→ **WORK REQUEST**
Data follows below. Repeat exactly the lines between the line holding "3405 Wendy Ln, Altus, OK 73521 photo 3" and the line holding "行走於「奇松」、「怪石」、「冬雪」、「雲海」之中，師生均被黃山之美折服。", inclusive, and nothing more; drop pictures.

Stored data entries
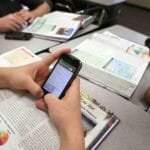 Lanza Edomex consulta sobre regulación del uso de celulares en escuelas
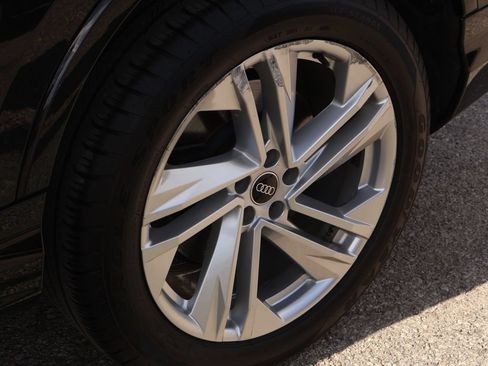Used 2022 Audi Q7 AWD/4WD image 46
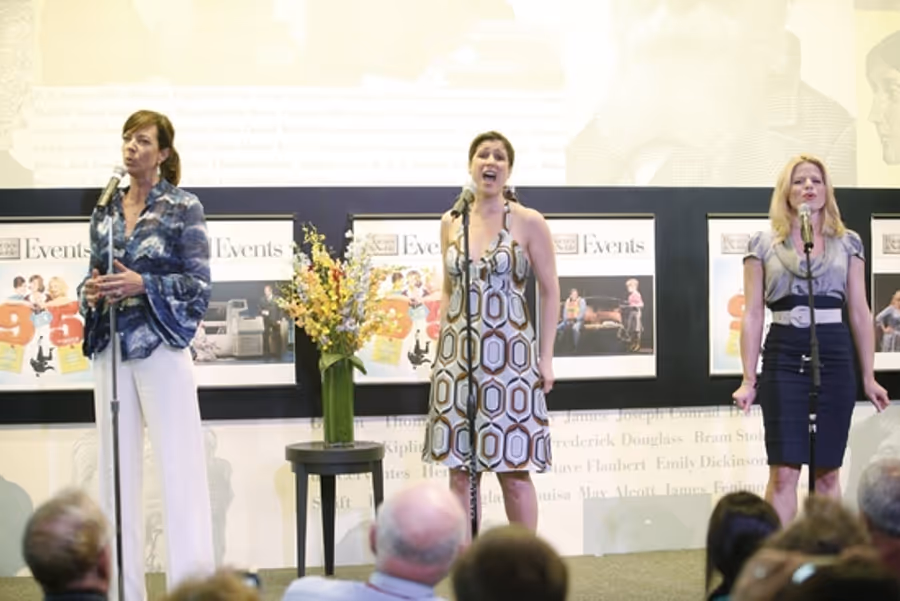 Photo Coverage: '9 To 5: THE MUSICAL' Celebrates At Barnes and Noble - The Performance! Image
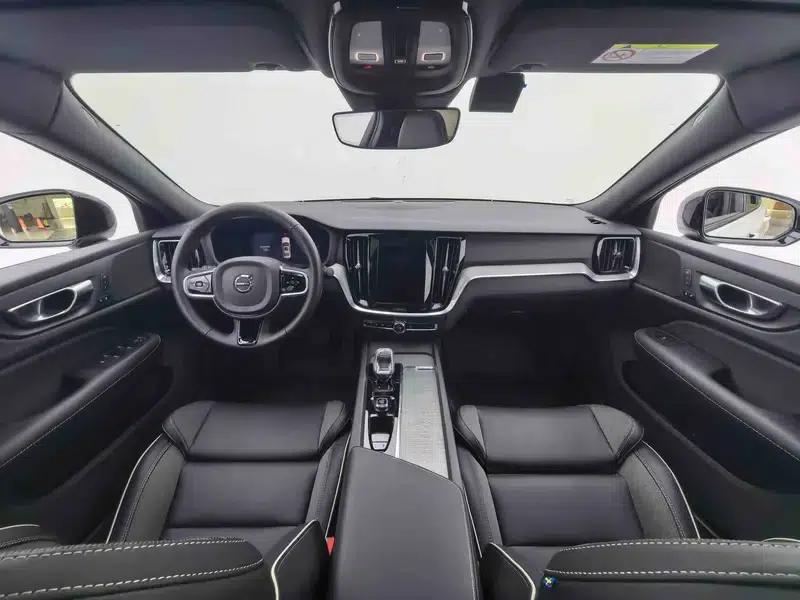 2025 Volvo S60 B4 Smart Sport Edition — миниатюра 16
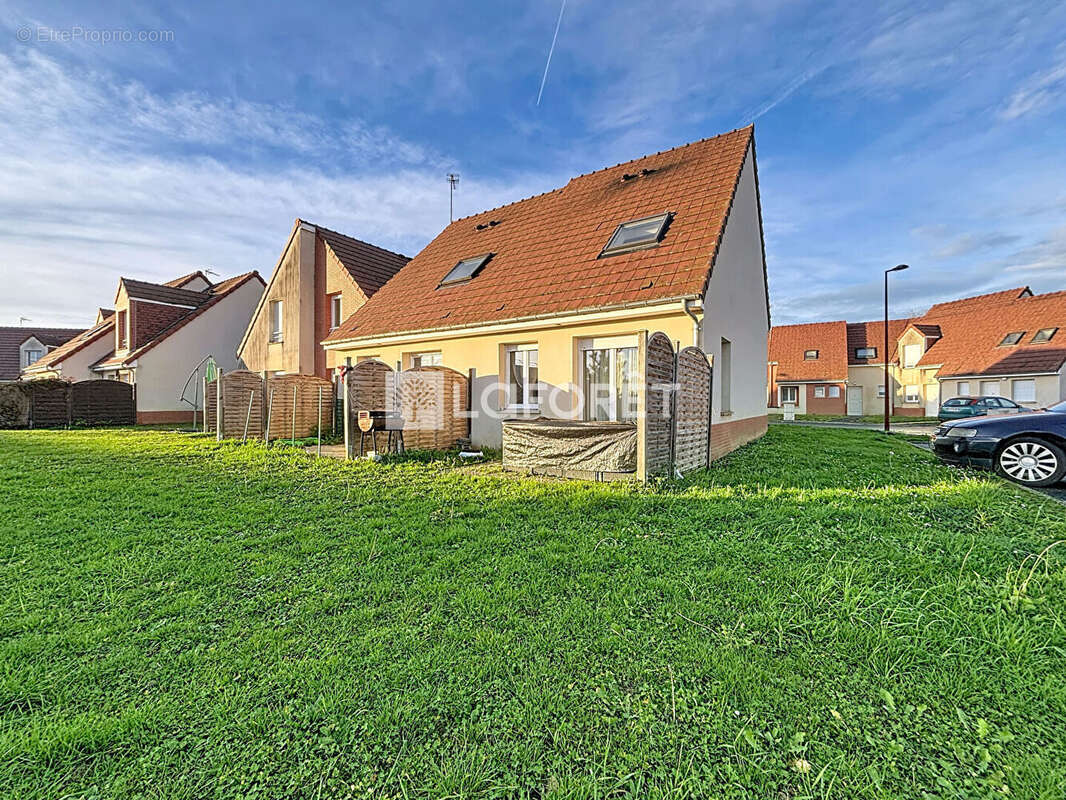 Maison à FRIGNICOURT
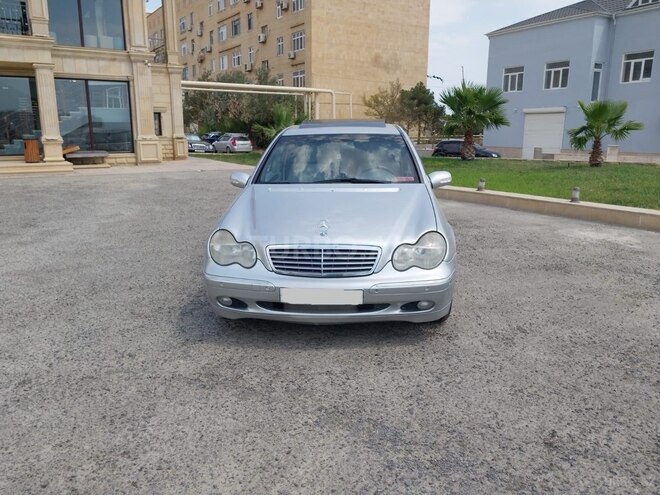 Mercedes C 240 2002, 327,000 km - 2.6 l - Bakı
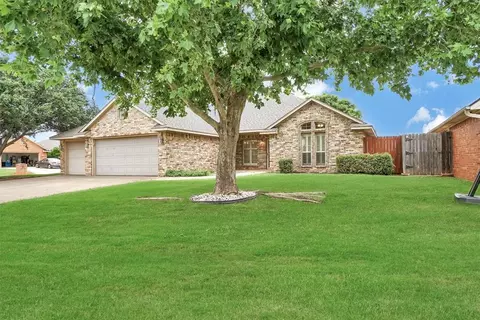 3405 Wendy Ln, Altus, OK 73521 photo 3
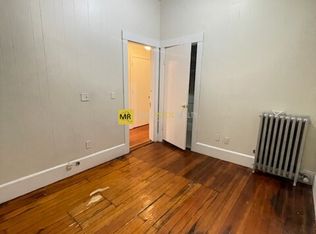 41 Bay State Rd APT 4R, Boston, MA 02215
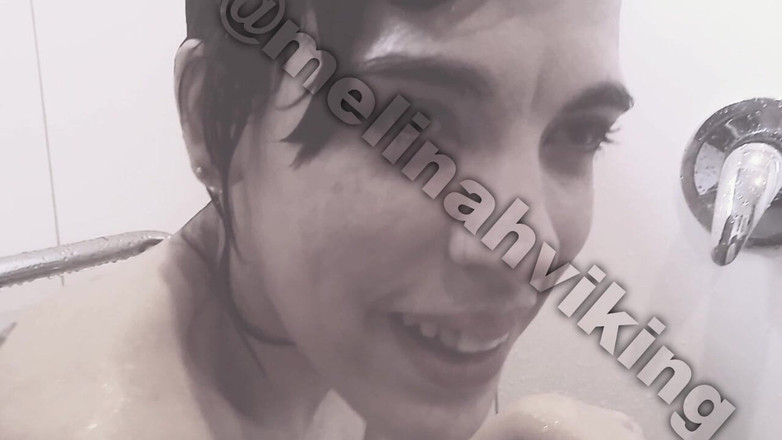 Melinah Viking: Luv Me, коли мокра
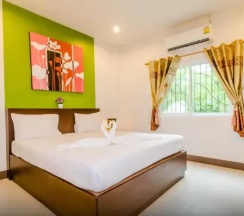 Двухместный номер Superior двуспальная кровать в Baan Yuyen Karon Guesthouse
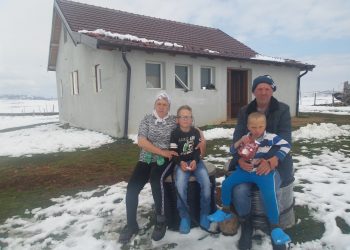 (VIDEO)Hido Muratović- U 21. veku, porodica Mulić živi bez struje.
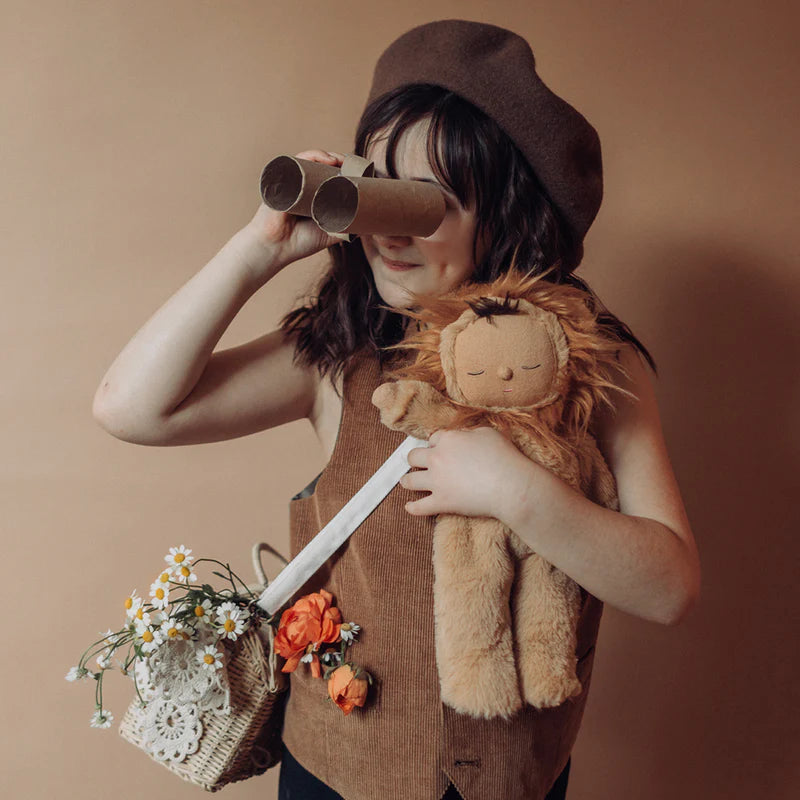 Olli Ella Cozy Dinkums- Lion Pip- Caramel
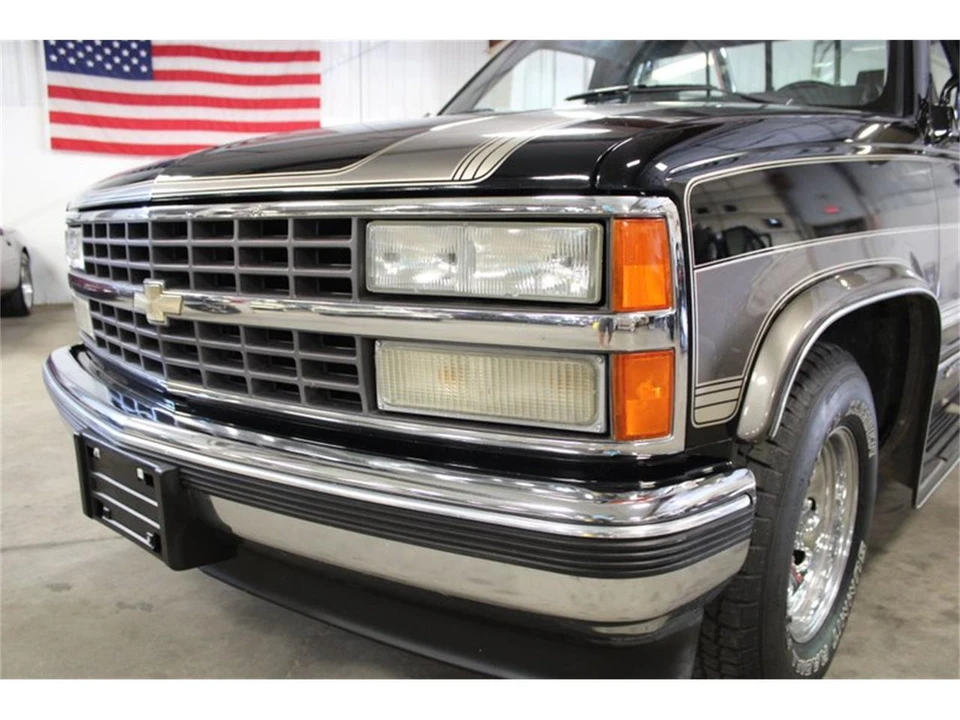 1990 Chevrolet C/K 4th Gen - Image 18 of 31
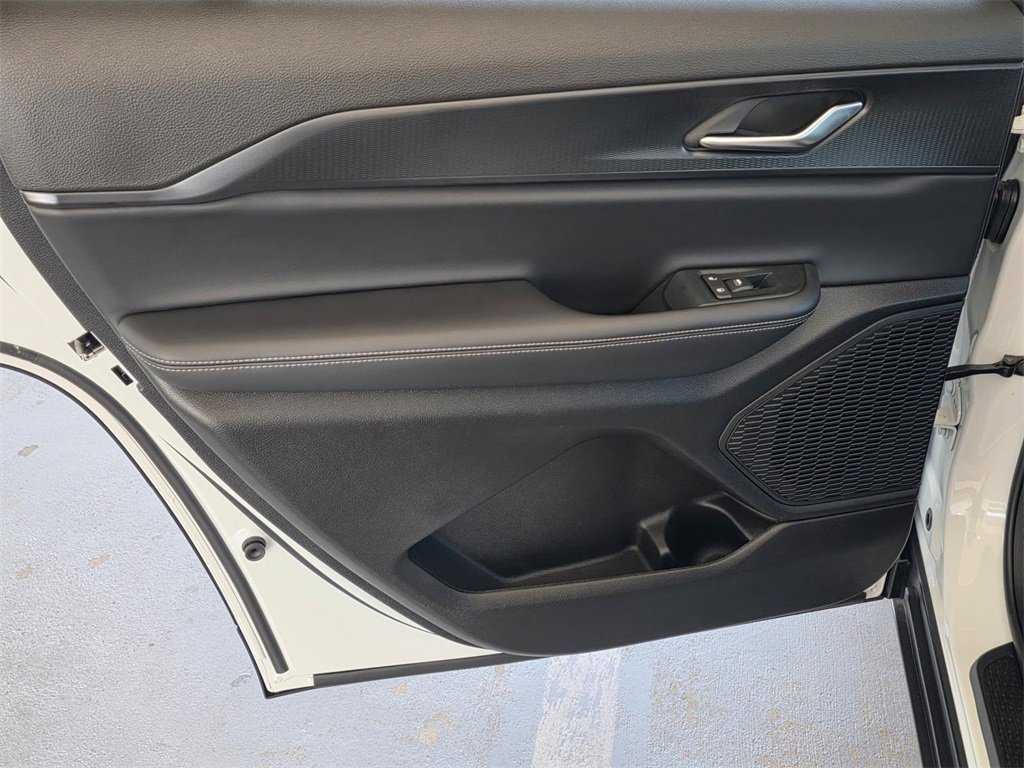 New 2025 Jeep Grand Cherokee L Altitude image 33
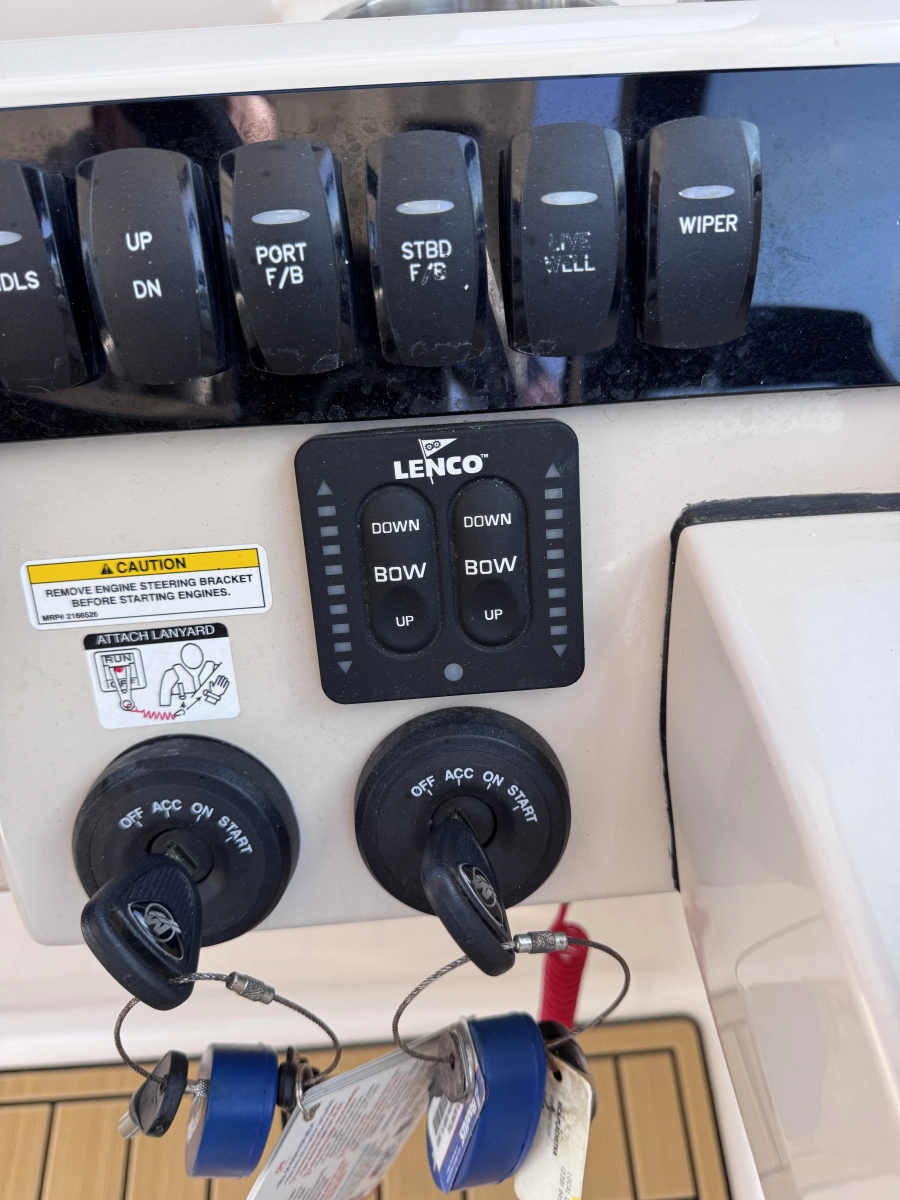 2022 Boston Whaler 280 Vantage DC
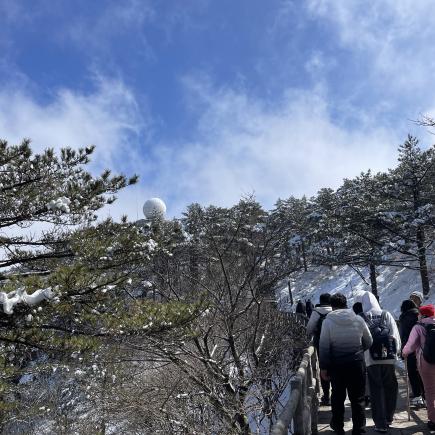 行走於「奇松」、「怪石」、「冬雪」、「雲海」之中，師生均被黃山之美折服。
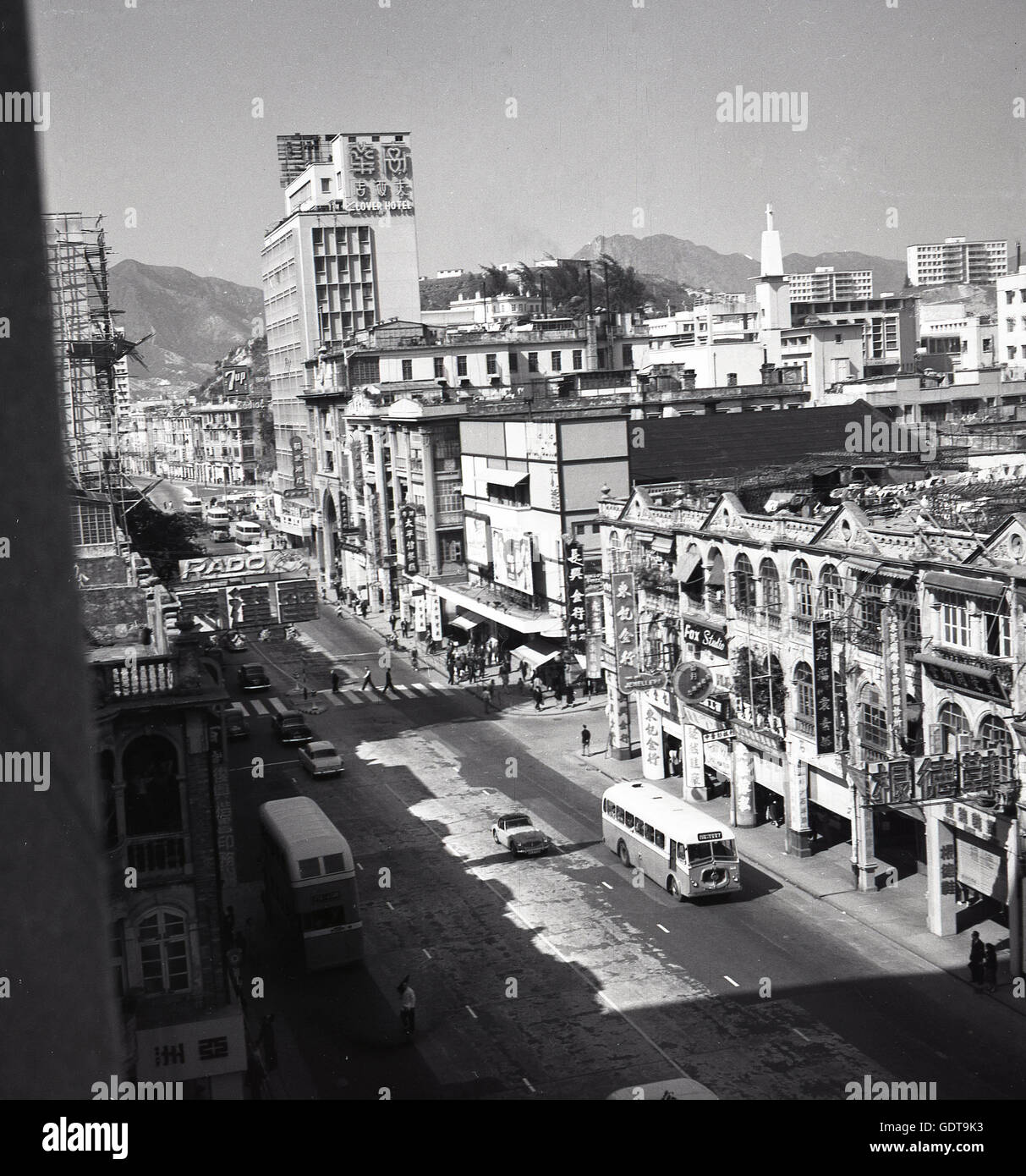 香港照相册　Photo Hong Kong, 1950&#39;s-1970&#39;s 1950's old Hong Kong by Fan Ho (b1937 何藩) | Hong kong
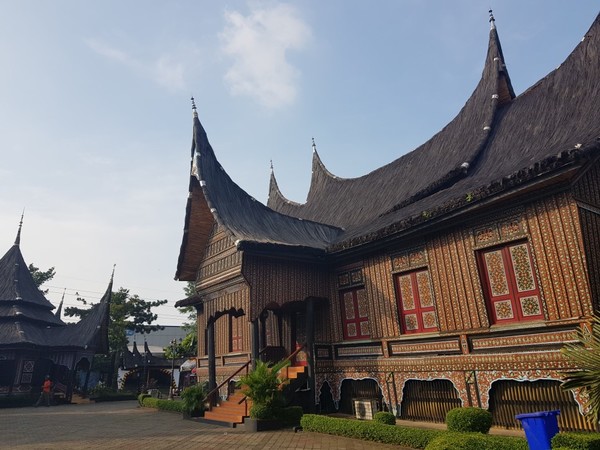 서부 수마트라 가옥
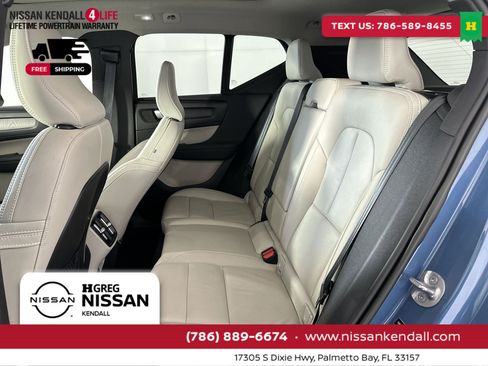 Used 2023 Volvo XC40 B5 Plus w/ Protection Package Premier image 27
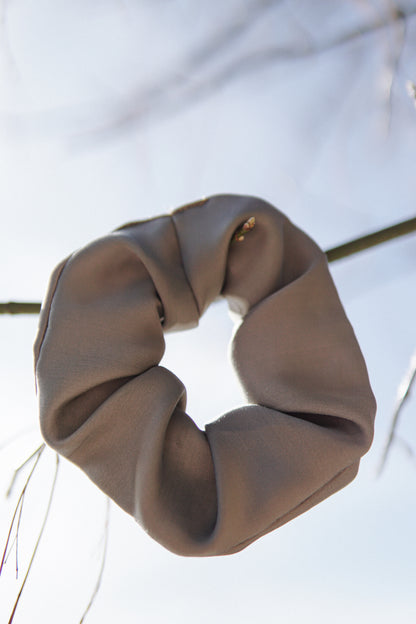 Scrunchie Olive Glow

→ **RESULT FOR THIS TASK**
 3405 Wendy Ln, Altus, OK 73521 photo 3
 41 Bay State Rd APT 4R, Boston, MA 02215
 Melinah Viking: Luv Me, коли мокра
 Двухместный номер Superior двуспальная кровать в Baan Yuyen Karon Guesthouse
 (VIDEO)Hido Muratović- U 21. veku, porodica Mulić živi bez struje.
 Olli Ella Cozy Dinkums- Lion Pip- Caramel
 1990 Chevrolet C/K 4th Gen - Image 18 of 31
 New 2025 Jeep Grand Cherokee L Altitude image 33
 2022 Boston Whaler 280 Vantage DC
 行走於「奇松」、「怪石」、「冬雪」、「雲海」之中，師生均被黃山之美折服。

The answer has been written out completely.